The NAD is a little different to many of those rivals however. The HDMI specification comes with the promise of a degree of futureproofing that is fairly unusual in these technologically turbulent times. The auto calibration software is the Dirac suite rather than the more usual suspects. It also supports streaming hardware and software that is regarded as some of the best in the industry. There’s plenty in the T777v3’s specification that suggests it is something a little different to the norm.
There is something not in the specs that is worthy of note too. NAD knows their way around amplifiers. The T777v3 is like many of their products in that it doesn’t boast an enormous power output but this comes backed up with the idea that there should be enough power to get the job done in a fuss free and entirely pleasurable way. Has the NAD sense of sufficiency survived the move to high res, ultra high def and Atmos?
SpecificationsAt the most fundamental level, the NAD is a seven channel AV Receiver. The seven channels are listed as being 80 watts but crucially, this figure is the output of the NAD into 8 ohms, at a low distortion (0.08%) and with all channels driven at once. This is a great deal more demanding that the figures quoted by many rivals and it should mean that the NAD is capable beyond the bald numbers.
These seven channels can be used in either 5.1 with a zone 2, 7.1 or 5.1.2 with support for Dolby Atmos being part of the decoding suite. DTS X is to be added later on but at the time of writing is not supported and no logo is present on the casework. Additional power amplifiers (something that unlike a number of rivals NAD actually makes themselves) can be added to bring the 777v3 up to 5.1.4, 7.1.2 or 7.1.4 configuration. The argument over whether it is better to have all these channels on board at the outset or whether NAD’s approach is the better one will run and run but both options are available to you at the price point. Initial software versions of the 777v3 didn’t allow for 5.1.4 but this has been corrected.
This is tied to an HDMI board that is HDCP 2.2 compliant and includes support for HDR10 passthrough with Dolby Vision and HDR10+ to be added in an upcoming update. The 777 has six inputs (one on the front) and two outputs - one of which supports ARC. Additionally, two coaxial and two optical connections are fitted for legacy support. This is pretty much the NAD’s only concession to legacy connectors though. There is no analogue video switching at all on the rear panel and the only analogue connections are audio ones.
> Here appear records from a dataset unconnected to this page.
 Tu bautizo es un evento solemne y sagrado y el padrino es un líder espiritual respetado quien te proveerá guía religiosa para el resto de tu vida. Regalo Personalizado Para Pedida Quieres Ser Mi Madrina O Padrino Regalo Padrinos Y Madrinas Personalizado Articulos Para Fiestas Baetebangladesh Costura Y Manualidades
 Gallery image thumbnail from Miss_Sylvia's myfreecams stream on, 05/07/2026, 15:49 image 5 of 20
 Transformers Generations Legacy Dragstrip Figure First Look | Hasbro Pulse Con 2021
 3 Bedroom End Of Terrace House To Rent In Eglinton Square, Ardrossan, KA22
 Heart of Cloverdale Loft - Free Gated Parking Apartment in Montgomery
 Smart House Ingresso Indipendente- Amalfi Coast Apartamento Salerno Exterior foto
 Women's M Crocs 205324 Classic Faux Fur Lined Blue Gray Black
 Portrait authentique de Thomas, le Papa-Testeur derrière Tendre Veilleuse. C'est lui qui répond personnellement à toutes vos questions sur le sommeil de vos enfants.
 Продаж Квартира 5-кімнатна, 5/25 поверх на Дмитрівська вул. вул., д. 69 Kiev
A 7.1 channel input and preout are fitted and the preouts for the effects speakers are placed separately on the outer edge of the rear panel for easy access.
The other headline feature on the NAD is the fitment of Dirac. As standard, the 777v3 comes with Dirac Live LE. This performs the Dirac measurement and calibration on frequencies between 20 and 500Hz. For $99, you can upgrade to the full fat Dirac and get measurement and feedback from 20Hz to 20kHz. NAD supplies all the required hardware for you to make the measurements yourself and the process is impressively straightforward. The additional $99 cost is something that Arcam doesn’t ask you to pay with their AV Receivers but equally, the supplied fitment will cover the most problematic area of a frequency response. You can upgrade at any time so you do at least have the choice to see how the standard fitment does first.
The last fitment to the 777v3 is an interesting one. The NAD comes with a BluOS dongle that attaches to the rear panel of the main receiver. This allows it to become part of a multiroom network that rivals the Yamaha MusicCast system for breadth of equipment choice. You get UPnP streaming, internet radio and a huge selection of streaming services. Once the module is up and running, you get full app control of the AV Receiver as well.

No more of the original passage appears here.